When the data combination unit 130 maps, as described above, color information to each point, multiple points with similar distance values (e.g., points to which color information similarly is mapped) may be represented as point cloud segments that can represent the same object or area.

Then, the data combination unit 130 converts the voxelized raw voxel data, to which the color information is mapped, into 2D image information.

For example, the data combination unit 130 may convert, based on a projection, the 3D coordinates of each voxel constituting the voxelized raw data to which the color information is mapped into coordinates of a 2D plane, and apply the attributes (e.g., mapped color, transparency, etc.) of each voxel to the converted coordinates to convert the raw data into 2D image information.

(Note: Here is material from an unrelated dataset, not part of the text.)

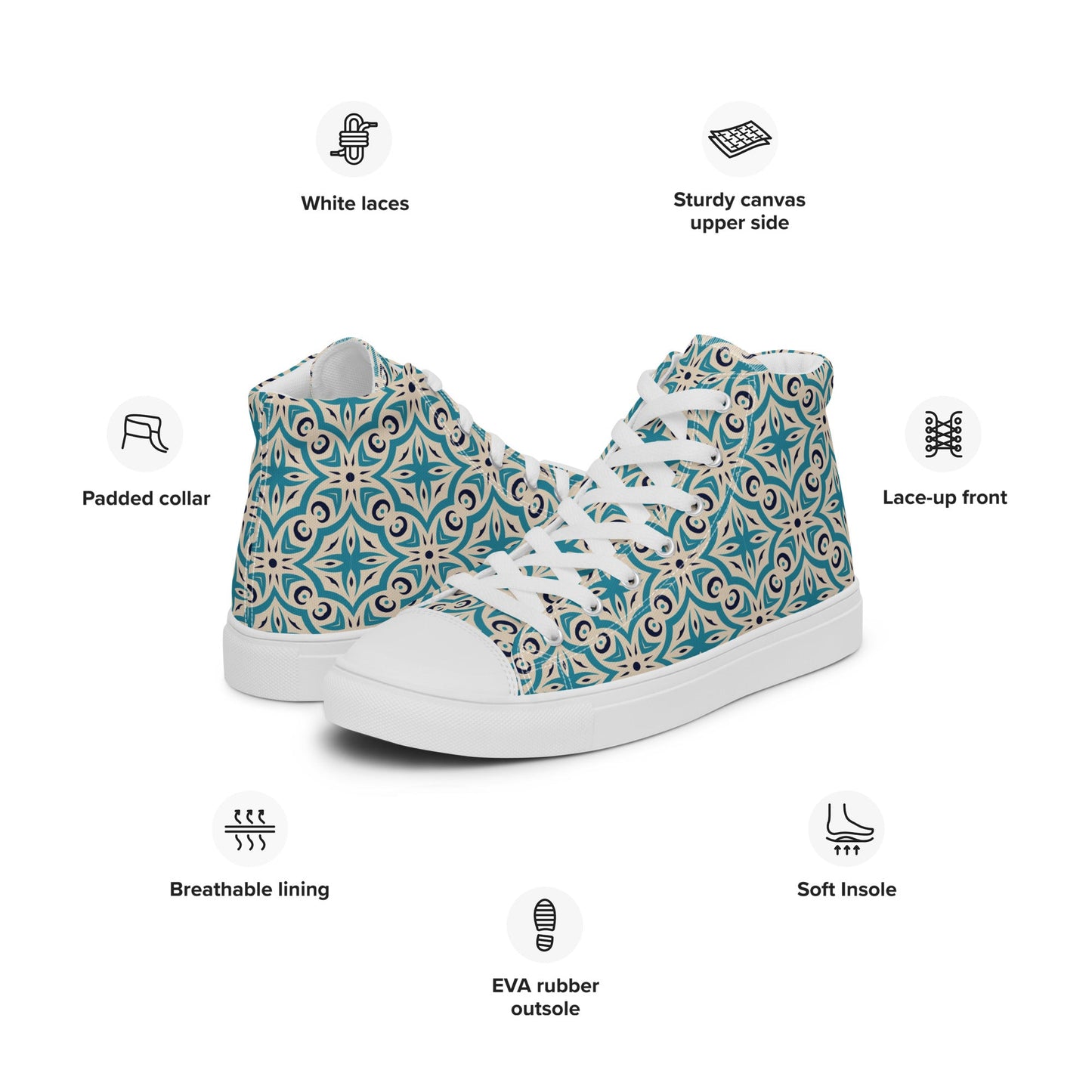 Unisex high top canvas shoes - Oriental Pattern - Shoes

This may have the effect of reducing the size of the data due to 2D while using points with features, thereby reducing the computation speed.

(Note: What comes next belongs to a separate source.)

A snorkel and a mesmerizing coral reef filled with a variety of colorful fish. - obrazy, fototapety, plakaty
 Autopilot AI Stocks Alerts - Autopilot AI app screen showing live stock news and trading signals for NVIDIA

Then, the data combination unit 130 produces combined data by combining the 2D image information and the image information based on image stacking.

For example, image stacking is the process of combining multiple images to produce a single final image, and may be used to extract common parts from the multiple images used for the combination or combine additional information that may represent features.

In other words, the data combination unit 130 may finally combine 3D information collected by the LiDAR and 2D information collected by the camera through image stacking to produce the combined data.

The data computation unit 140 inputs the combined data into an extrinsic calibration model to derive an extrinsic calibration parameter (see step S230), and performs extrinsic calibration of the camera and the LiDAR based on the derived extrinsic calibration parameter (see step S240).

The extrinsic calibration model is a model that is trained to receive data in which image information and a point cloud are combined and derive an extrinsic calibration parameter.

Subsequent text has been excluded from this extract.